In March 1996, Rolling Stone dispatched David Lipsky to Bloomington, Ill., to profile David Foster Wallace, whose novel “Infinite Jest” had obtained a “miasma of hype,” in Wallace’s terms, “that feeds on itself.” Lipsky joined Wallace for the final five days of the “Infinite Jest” book tour, but Rolling Stone scrapped the article until Wallace’s suicide more than a decade later, when Lipsky sifted through the tapes from their road trip to form the basis of a National Magazine Award-winning story. This April, Broadway Books will publish Lipsky’s 300-page long transcription of his time with Wallace.As a book, “Although of Course You End Up Becoming Yourself: A Road Trip With David Foster Wallace” is extremely odd and occasionally mesmerizing. It may be a valuable resource for scholarly appreciation of Wallace’s work, but it is often tedious to read. Consumed, as it is, with Lipsky’s reportorial needs–to nail down facts, to elicit colorful quotations, etc.–the transcript is as much an exploration of the exigencies of magazine journalism as of the contours of Wallace’s mind.

That the transcript is printable at all is testament to Wallace’s verbal facility; his proclivity for insight and wit is nearly as sharp in his spoken words as his written. On the futility of jealousy: “There’s no keen, exquisite pleasure that corresponds with the keen, exquisite pain of envying somebody older.” On entertainment: It “lies on the addictive continuum, and we’re saved right now because it’s just not all that good.” On surrealism: “Surrealism doesn’t work. I mean, most of the word surrealism is realism, you know? It’s extra -realism, it’s something on top of realism.”

The book is also spattered with biographical gems. The Barney towel he used as a window curtain; the Alanis Morissette obsession (“She’s pretty, but she’s pretty in a sloppy, very human way.”); the odd jobs as a security guard and a towel boy at a health club; the time he walked out of an Us Magazine photo shoot; how, while writing “Infinite Jest,” he listened to Nirvana and “this woman named Enya, who’s Scottish.”

But many of these tidbits made it into Lipsky’s Rolling Stone piece, and Lipsky’s insistent questions on a narrow range of topics (the perks of fame, Wallace’s history of depression and drug use) yield redundant answers and narrative stagnancy. On at least ten occasions, Lipsky asks some form of the question “What’s it like to suddenly [wake] up to find [your]self famous?” Lipsky’s agenda is clear: he’s trying to coax Wallace into an expression of glee at his serendipitous success–a success Lipsky cops to craving. But Wallace invariably responds cautiously, mindful of the “paradoxical link” between ambitions and exposure. “The worst thing about having a lot of attention paid to you,” he says, “is that [if] bad attention hurts you, then you realize the caliber of the weapon that’s pointed at you has gone way up.
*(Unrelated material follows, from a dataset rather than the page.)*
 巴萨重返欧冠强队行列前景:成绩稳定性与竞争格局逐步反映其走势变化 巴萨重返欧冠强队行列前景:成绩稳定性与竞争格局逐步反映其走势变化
Has gone from like a .22 to a .45. You know?” Lipsky, writing in bracketed annotations, tries to portray his younger self’s preoccupation as a lesson in the desires of youth. “I’m younger than him,” Lipsky writes, “and this is, I see, paramount in my mind: that he must feel an accomplishment here.” But Lipsky’s stubbornness on this point casts a pallor of tedium over the tone and content of many sections of the book.

Lipsky’s transcript makes pleasant reading for academics, the literati, and hard-core Wallace disciples, but the more casual reader may be better served by reading Lipsky’s Rolling Stone profile.